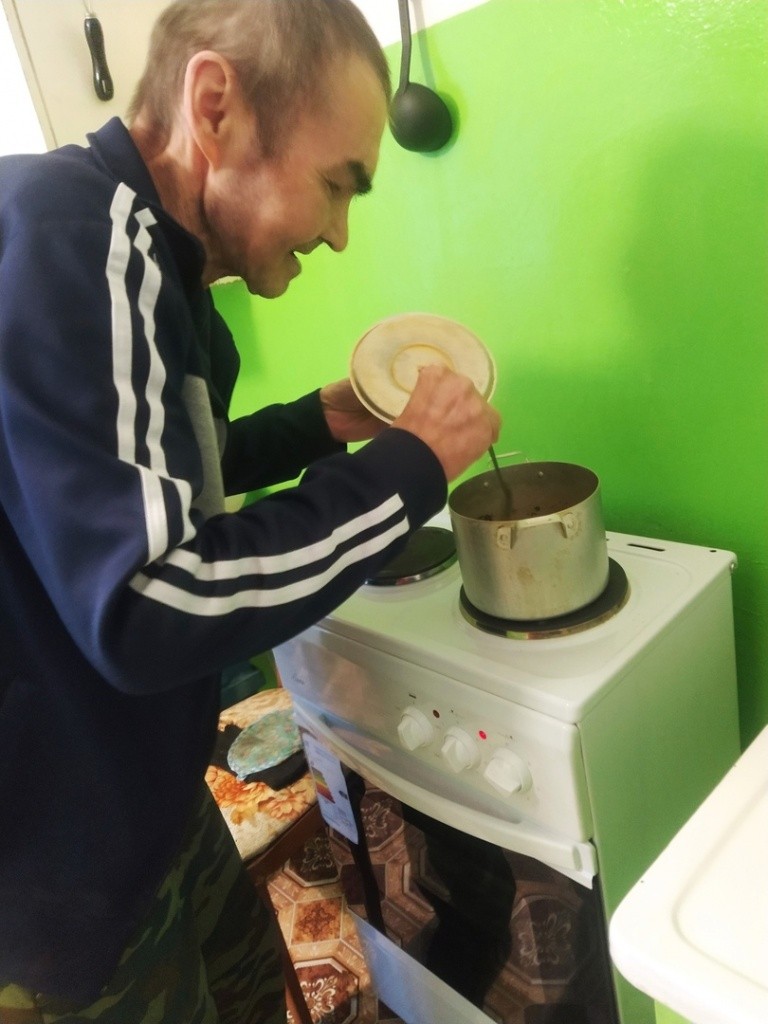 Теперь готовить - одно удовольствие! (Фото КЦСОН в Новоторъяльском районе).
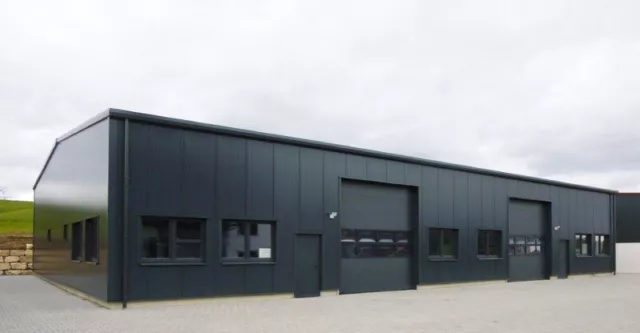 DELTACON Stahlhalle Büro Werkstatt Produktion 18 x 25 x LH 5/ FH 7 m isol.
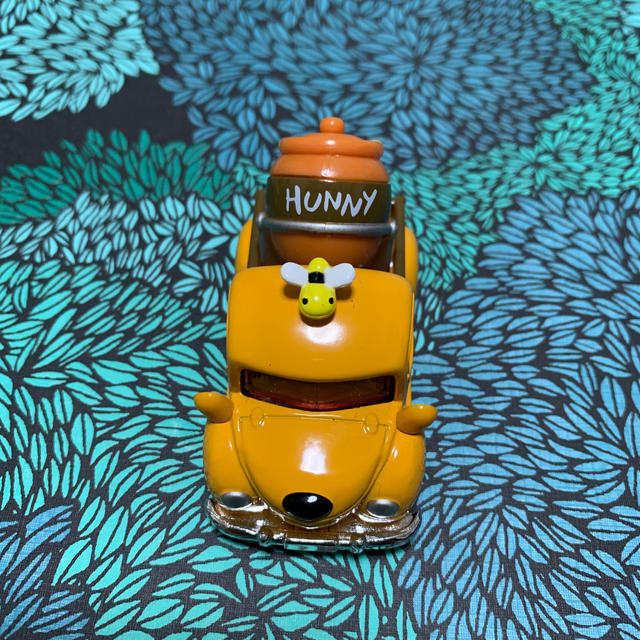Disney(ディズニー)の車　フィギュア　ミニカー　くまのプーさん　タカラトミー エンタメ/ホビーのおもちゃ/ぬいぐるみ(ミニカー)の商品写真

* * * * * * * * *

Copy the listing exactly. No images belong in the copy.

 Теперь готовить - одно удовольствие! (Фото КЦСОН в Новоторъяльском районе).
 DELTACON Stahlhalle Büro Werkstatt Produktion 18 x 25 x LH 5/ FH 7 m isol.
Disney(ディズニー)の車　フィギュア　ミニカー　くまのプーさん　タカラトミー エンタメ/ホビーのおもちゃ/ぬいぐるみ(ミニカー)の商品写真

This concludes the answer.